CHOPPED AND STEWED: Food, Dignity and Nutrition


Photo by Bigstock.


Whether you are growing food or eating it, or organizing to demand change, there is usually a lot more pleasure and power in numbers.


The Neighbourhood Action Food Group thinks so, too. Since January, a group of people have been meeting regularly to share stories and experiences about food and poverty. They concluded that food poverty is built into legislation, especially for people who are dependent on welfare and charities for survival.


According to Dieticians of Canada, it costs around $60 per week to eat healthy and nutritious meals. When considering single welfare recipients in British Columbia receive $610 a month, it’s easy to see that this budget is unrealistic. And relying on charitable food donations, despite a charity’s altruistic intentions, inevitably means that a person on welfare will not be getting the nutrition needed to maintain a healthful life, and this has a negative rippling effect on a person’s capacity to contribute back. If you factor in families with children, the situation becomes dire.
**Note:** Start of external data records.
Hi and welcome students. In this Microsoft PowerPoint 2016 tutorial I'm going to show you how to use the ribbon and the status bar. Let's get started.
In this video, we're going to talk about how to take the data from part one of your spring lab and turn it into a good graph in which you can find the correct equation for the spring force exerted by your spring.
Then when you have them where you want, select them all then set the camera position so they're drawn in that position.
Armed with the words: “Our nutrition. Our dignity. Our right to buy our own food,” a group of about 15 people met last week outside of the welfare office on Commercial Drive and marched to the Vancouver-Mount Pleasant MLA Jenny Kwan's office to demand recognition that food poverty is built into legislation, and to demand change.


The collective actions they are calling on the MLA to support include:

• Advocate for higher wages, welfare & disability rates in order to eat and live with dignity.• Lobbying for food equality & education.
• More affordable food stores.
• Stop gentrifying the community with fancy restaurants & condos.
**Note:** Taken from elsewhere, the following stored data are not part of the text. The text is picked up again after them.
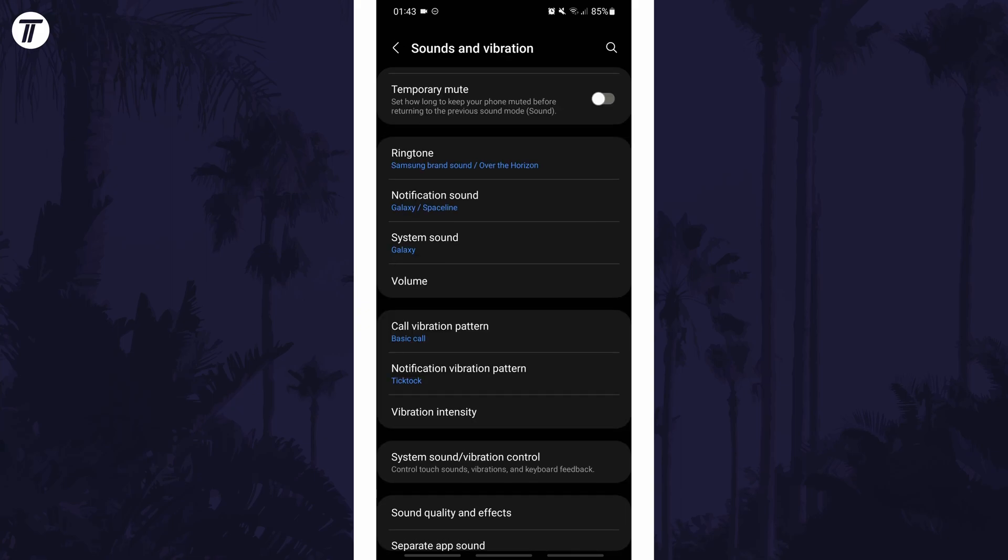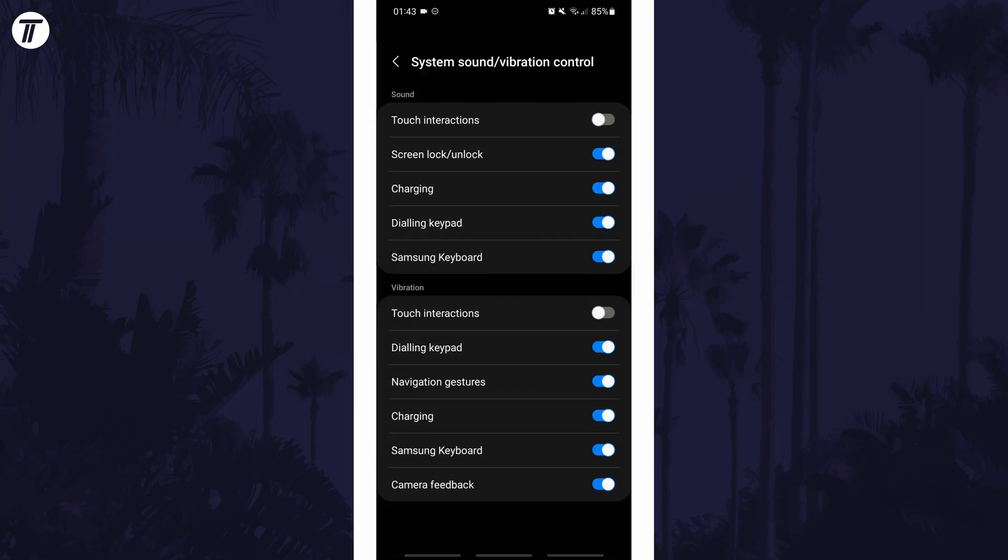Back one page in the settings, there might be other options to turn off vibration such as the setting called system sound and vibration control. In here you can disable vibration for various things on your phone on the second half of the page.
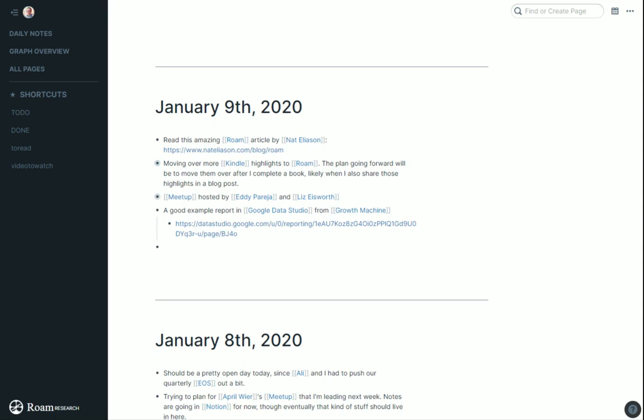At its core, Roam has these daily notes. It automatically creates a blank page every day and you can just say what's going on. An example here is I read this amazing Roam article by Nat and I linked to the article there. If I were to click on his name or click on Roam, I'd see everything else I ever tagged with that.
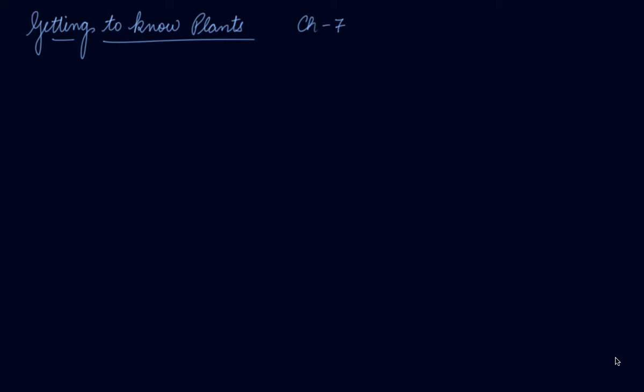In this video we will be starting chapter number 7, that is Getting to Know Plants. Now, all around when you look you see many plants and trees everywhere. Plants grow on land as well as in water.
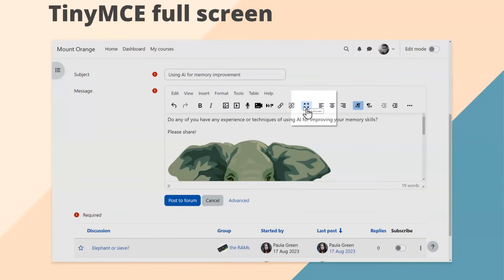For Database, if you like exporting entries, you can now include database files in your export. For groups, if you're creating many groups, you can now bulk enable or disable group messaging — assuming it's enabled site-wide by the admin. The administrator can also create custom fields for groups and groupings, giving teachers a dropdown to select custom fields when creating groups.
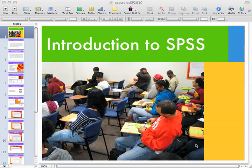Good morning again, Social Work 300. Today I'm going to give you a very brief overview, an introduction to using SPSS. SPSS is the Statistical Package for the Social Sciences.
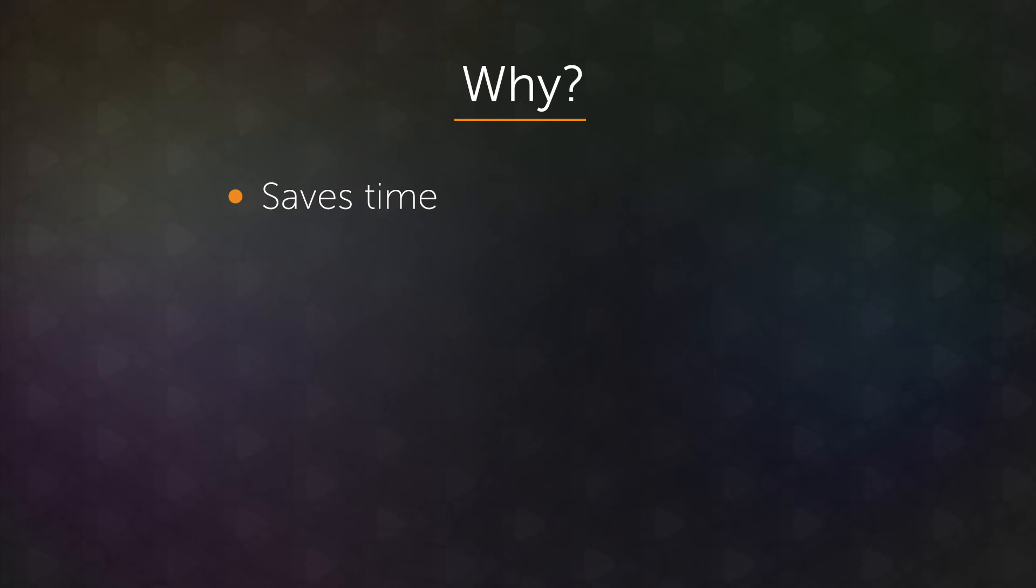One important part of testing is that it prevents regressions. So if you write some code and you test it, and then later someone else comes in and changes it, it's possible that they could break your code. If you have lots of tests, it'll tell them immediately whether it's broken.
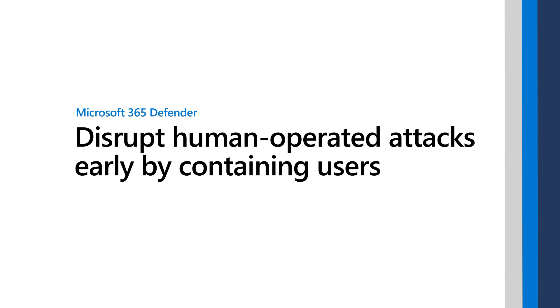Microsoft 365 Defender is excited to introduce the next evolution of automatic attack disruption capabilities that can block and evict attackers much sooner in the attack chain than before, stopping the progression of ransomware attacks. In this video, I'll demonstrate the attacker's experience followed by your own.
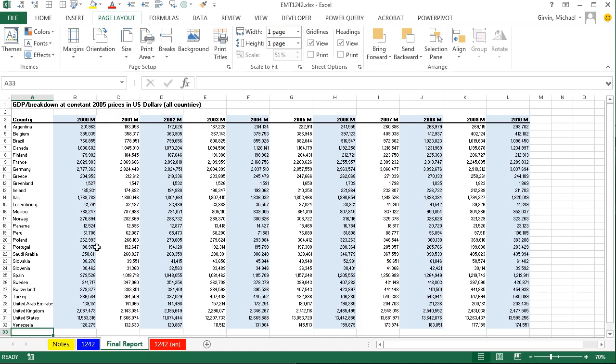Wow, that was amazing. We went from a huge data set on the sheet 1242. Did text to columns, TRIM, MATCH, and some filtering. Dumped it here, and then did some formatting. All right, we'll see you next trip.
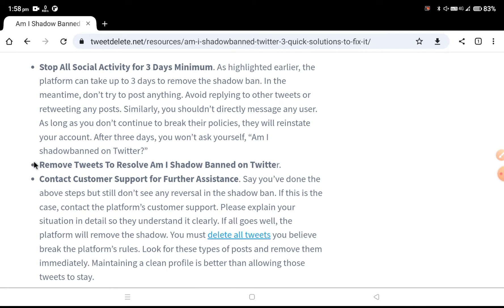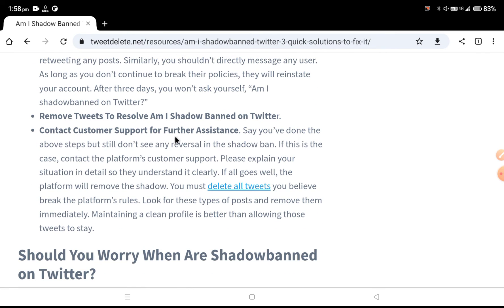If the first method is not working and you're still facing the same issue, the second step is to remove all tweets. You need to delete or remove all tweets that you posted in the past seven days.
• SRO’S should have proper regulations on Cooking facilities and kitchen.
• Create more community gardens/rooftop gardens within the community.
• More Community Kitchens in SRO’S for people are in isolation. 

• Address dietary supplements and sensitivity. 

• Challenge all food providers to step up to provide good quality foods. 

• Food charities line-up continues to be revolving doors like an assembling line. (Even in poor weather conditions).


Food security, or a lack thereof, is a reflection of society’s health as a whole. It’s always hard to get on the treadmill after a long break (or to demand change after things have gotten out of hand), but the end result, being healthy and fit, is well worth it.